* Exercise objective:
Give the listing again exactly, omitting its images.

* Recorded information:
BEGIN

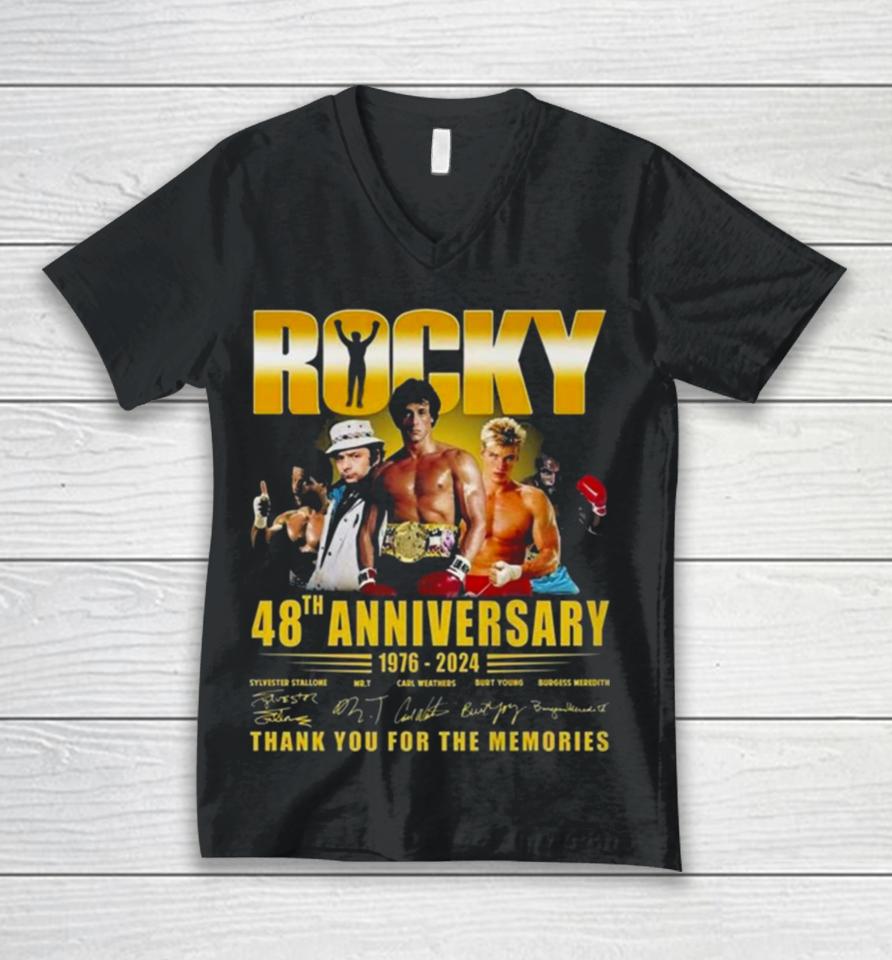 Rocky 48Th Anniversary 1976 2024 Thank You For The Memories Unisex V-Neck T-Shirt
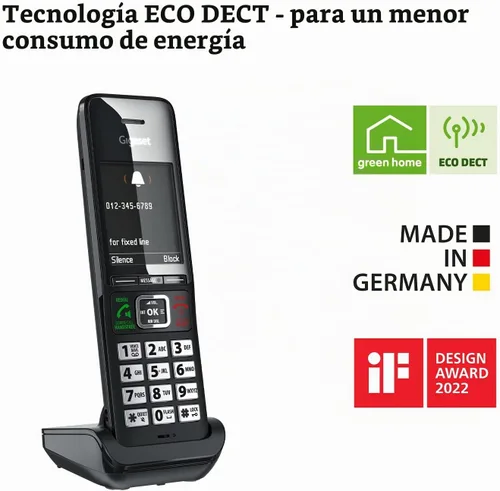 Vista 5 de Gigaset Comfort 552H - Auricular adicional - Cargador - Elegante teléfono inalámbrico para base DECT - Fabricado en Alemania - Función manos libres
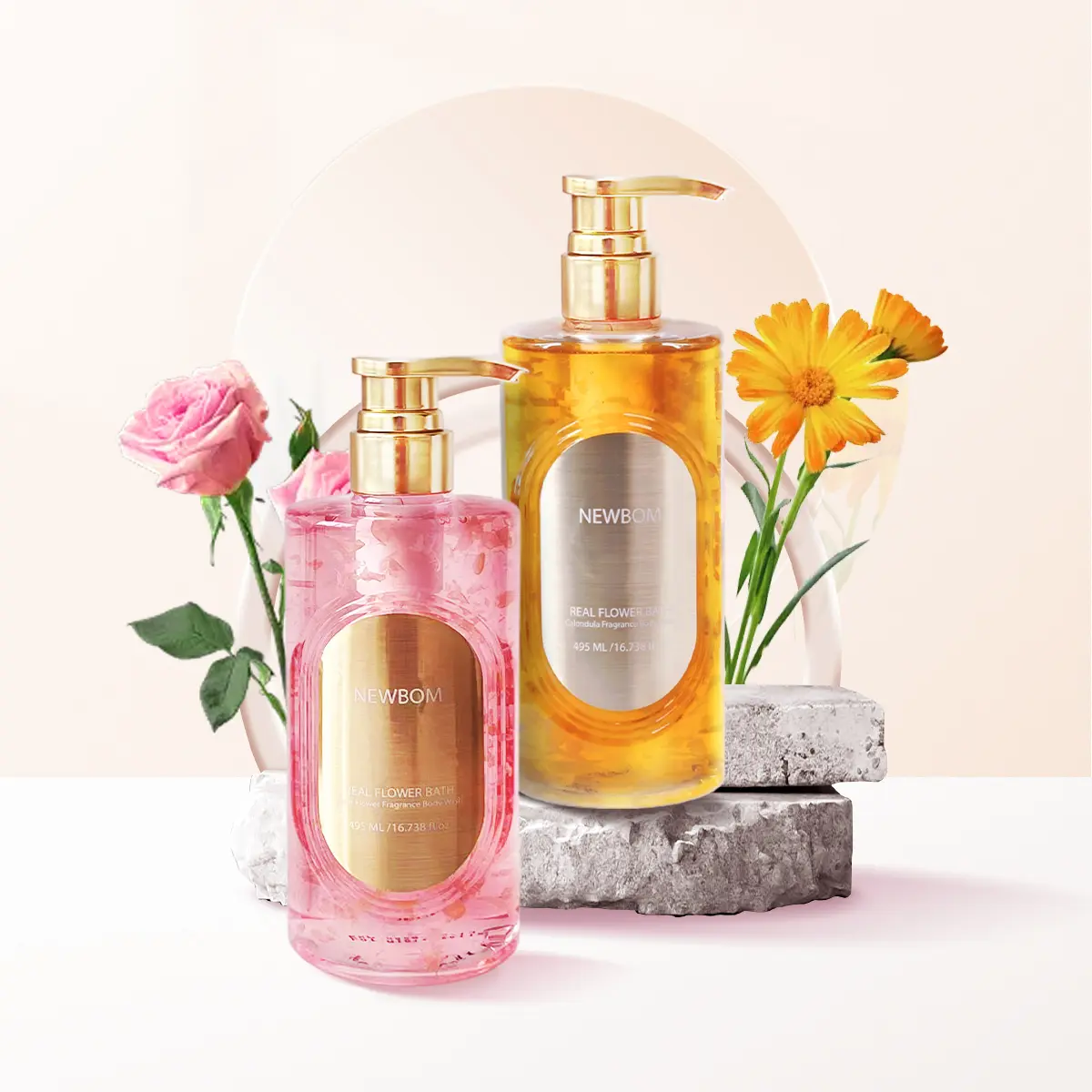 NEWBOM Moisturizing Premium Body Wash-contains real flowers gentle cleaning long-lasting fragrance -  16.7oz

END

* Task result:
 Rocky 48Th Anniversary 1976 2024 Thank You For The Memories Unisex V-Neck T-Shirt
 Vista 5 de Gigaset Comfort 552H - Auricular adicional - Cargador - Elegante teléfono inalámbrico para base DECT - Fabricado en Alemania - Función manos libres
 NEWBOM Moisturizing Premium Body Wash-contains real flowers gentle cleaning long-lasting fragrance -  16.7oz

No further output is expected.